El conde Juan se reía.

—Si alguna vez vuelve el Terror, subirás al cadalso en mi lugar, Regino.

—Con gusto, señor Conde—respondía invariablemente el guarda, y los más listos no verán el cambio.

Entre Antonieta y Berta, las afinidades eran menores y los sentimientos más complicados. Ciertamente, Antonieta era linda con su delicadeza casi enfermiza, su tez rubia pálida y su gracia atávica; pero Berta era hermosa, morena, esbelta y fuerte, con unos ojos negros voluntariosos en ciertas ocasiones y fugitivos en otras.

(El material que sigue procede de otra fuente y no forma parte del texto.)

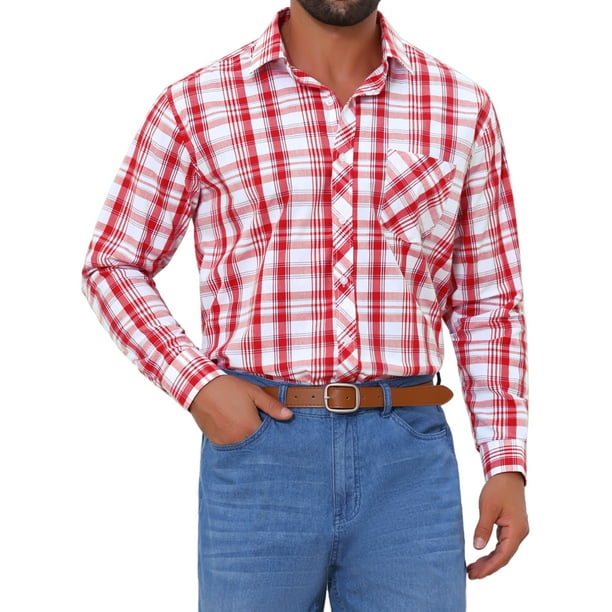 CAMISA DE VESTIR DE MANGA LARGA A CUADROS PARA HOMBRE INSPIRAR CHIC, CON COLLAR PUNTA Y BOTONES, TALLA XL, ROJO Y BLANCO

Había vivido siempre en Reteuil, como criadita privilegiada, muy poco sirvienta, muy querida por todos, muy libre y muy familiar.

Acompañaba con frecuencia á su señorita en sus visitas á los castillos próximos, donde era acogida sin desdén á causa de su linda cara y de su alegre juventud que parecía tan franca. Aquella existencia en una sociedad que no era la suya habíale hecho bastante daño, pues, sin ser real y conscientemente envidiosa, había pensado á veces mirando á Antonieta: Valgo, por lo menos, tanto como ella, ¿por qué ella lo tiene todo y yo nada?» Pero después se arrepentía y se dejaba llevar á locuras de ternura y de adhesión. Y en todas partes se decía: ¡Qué buena muchacha!

Su matrimonio separó á las dos jóvenes por primera vez en su vida y de una manera absoluta. Las dos salieron de Reteuil; la una para ir á Valroy y la otra para ir al pabellón del guarda de monte. Ni la una ni la otra manifestaron, en verdad, una alegría exuberante en su nueva condición. Berta permaneció grave y Antonieta melancólica.